Of the lines below, write out exactly those from the line with "That's pretty much" through the line with "For this task, we", both included, and skip the rest.

(Material provided Opens)

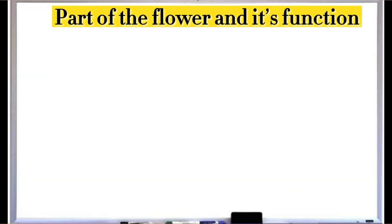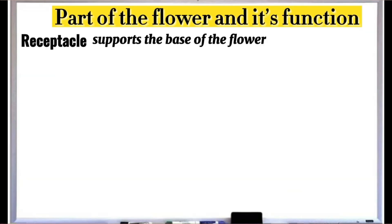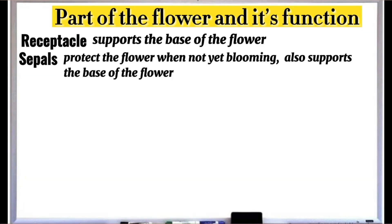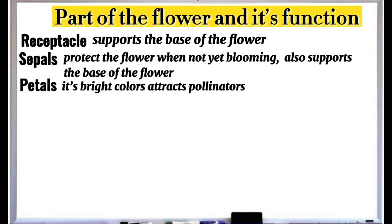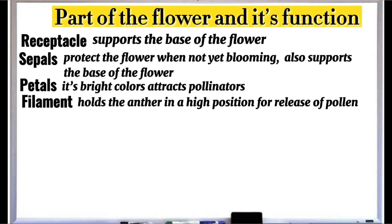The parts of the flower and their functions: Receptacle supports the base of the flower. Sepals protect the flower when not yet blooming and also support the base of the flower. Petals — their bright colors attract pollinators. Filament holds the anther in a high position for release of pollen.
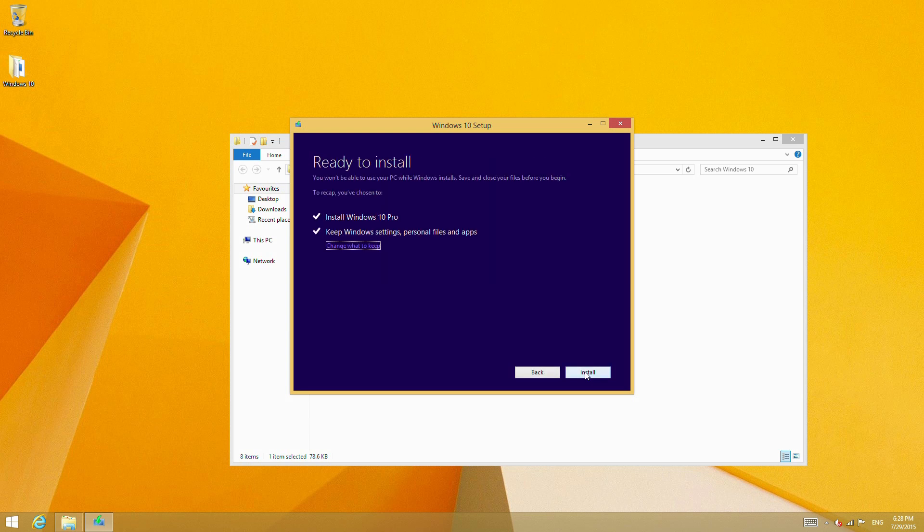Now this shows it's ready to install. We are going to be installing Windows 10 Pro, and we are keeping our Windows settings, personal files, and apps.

(Material provided Closes)
(Material provided Opens)

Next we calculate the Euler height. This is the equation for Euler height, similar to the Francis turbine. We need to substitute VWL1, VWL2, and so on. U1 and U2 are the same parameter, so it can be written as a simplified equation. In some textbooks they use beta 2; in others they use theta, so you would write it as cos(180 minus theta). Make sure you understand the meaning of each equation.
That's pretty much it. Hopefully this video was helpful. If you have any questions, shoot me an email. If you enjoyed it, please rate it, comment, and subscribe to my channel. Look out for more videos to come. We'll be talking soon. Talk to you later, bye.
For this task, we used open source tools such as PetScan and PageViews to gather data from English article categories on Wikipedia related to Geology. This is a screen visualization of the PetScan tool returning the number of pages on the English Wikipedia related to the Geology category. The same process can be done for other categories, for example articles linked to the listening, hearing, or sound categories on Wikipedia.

(Material provided Closes)
(Material provided Opens)

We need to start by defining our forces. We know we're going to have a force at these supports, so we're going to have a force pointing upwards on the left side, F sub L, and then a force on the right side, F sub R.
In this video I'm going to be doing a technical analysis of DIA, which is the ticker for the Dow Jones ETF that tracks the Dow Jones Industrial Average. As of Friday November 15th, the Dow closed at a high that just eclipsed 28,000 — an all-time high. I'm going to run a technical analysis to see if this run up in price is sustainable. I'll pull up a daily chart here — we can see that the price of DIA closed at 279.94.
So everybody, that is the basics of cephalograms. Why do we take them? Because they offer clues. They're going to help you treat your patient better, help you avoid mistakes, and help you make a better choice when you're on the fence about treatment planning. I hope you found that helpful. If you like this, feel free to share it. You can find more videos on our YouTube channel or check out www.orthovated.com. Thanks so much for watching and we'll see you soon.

(Material provided Closes)

• [Reply]
That's pretty much it. Hopefully this video was helpful. If you have any questions, shoot me an email. If you enjoyed it, please rate it, comment, and subscribe to my channel. Look out for more videos to come. We'll be talking soon. Talk to you later, bye.
For this task, we used open source tools such as PetScan and PageViews to gather data from English article categories on Wikipedia related to Geology. This is a screen visualization of the PetScan tool returning the number of pages on the English Wikipedia related to the Geology category. The same process can be done for other categories, for example articles linked to the listening, hearing, or sound categories on Wikipedia.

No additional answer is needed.